The filmmaker tweeted that the award-winning documentary “The Kingmaker” will soon be viewed with subtitles in Filipino, Bisaya, Ilocano, Bicolano and Hiligaynon.
“Dropping this week… five separate Tagalog-dubbed versions of THE KINGMAKER, captioned in five different languages (Tagalog, Bisaya, Ilocano, Bicol, and Hiligaynon),” Greenfield said on Thursday.
“Please retweet this thread far and wide to (your) networks, so everyone gets a heads up… #thekingmaker,” she added.
The Philippines, being an archipelago, is linguistically diverse and has several languages that are spoken in different regions across the country.
A 2019 report said there were 183 “living languages” in the country so far but the official ones are Filipino and English.
Meanwhile, Filipinos lauded Greenfield’s initiative to make the documentary more accessible to the public.
The documentary is originally made in English, with English subtitles.
“TAMA BEHAVIOUR !!!!! But seriously, thank (you) Lauren Greenfield and team for pushing this very important film to be accessible!! And at such a crucial time in our history,” a Twitter user said, referring to the 2022 national elections.
“Hoping local TV channels show this too! must-watch for ALL voters,” another online user tweeted with emojis.
“Thank you very much. This will make the movie more comprehensible for those who most need to see this,” a different Filipino said.

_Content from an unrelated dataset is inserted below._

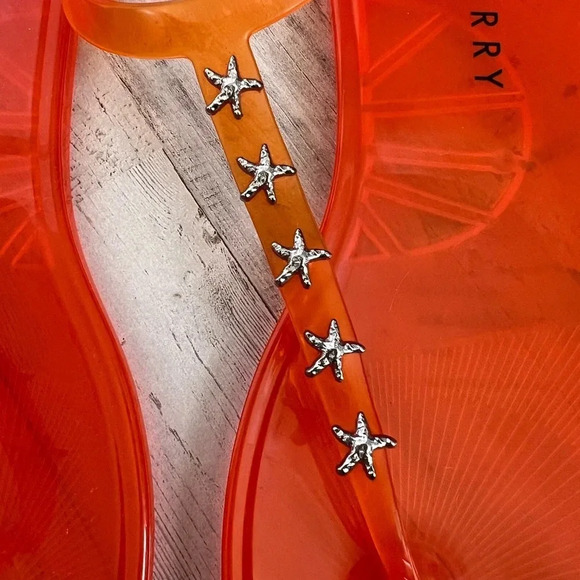 Katy Perry Orange Starfish Studded T Strap Geli Sandals Size 8 NEW - Picture 11 of 12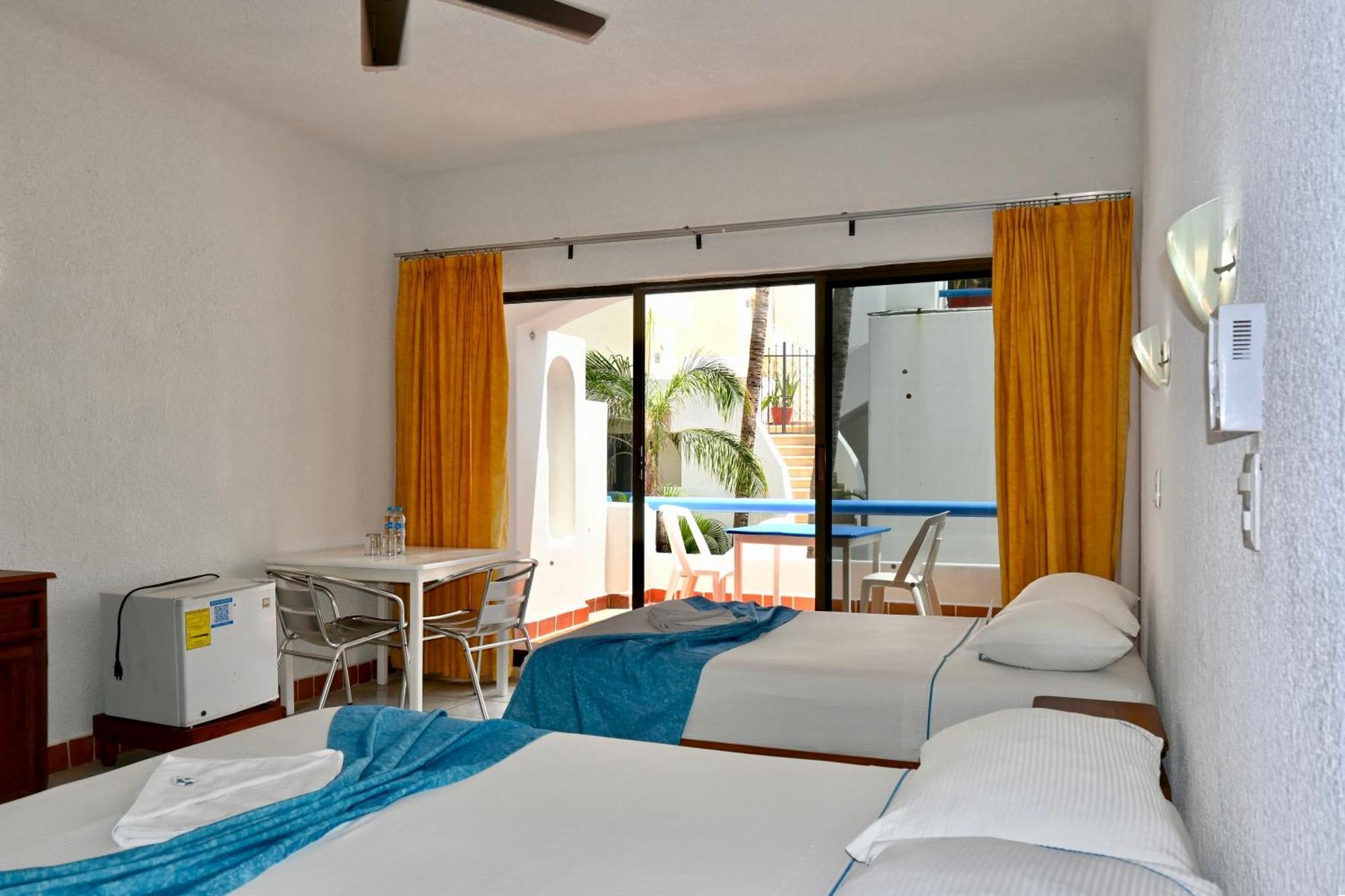 Pelicano Inn Playa Del Carmen - Beachfront Hotel Kültér fotó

Last week, Greenfield announced that “The Kingmaker” is already available for free streaming on Vimeo and can be watched on any device.
The documentary features former first lady Imelda Marcos and some interviews with her son, presidential aspirant Ferdinand Marcos Jr.
It documents the start of Imelda and late dictator Ferdinand Marcos Sr‘s relationship, her influence during her husband’s term, Martial Law, the People Power Revolution, their exile in the United States and their return to the Philippines.
“The Kingmaker” also includes accounts of some Martial Law victims.
Martial Law-themed independent movie “Liway” is additionally available on YouTube for streaming.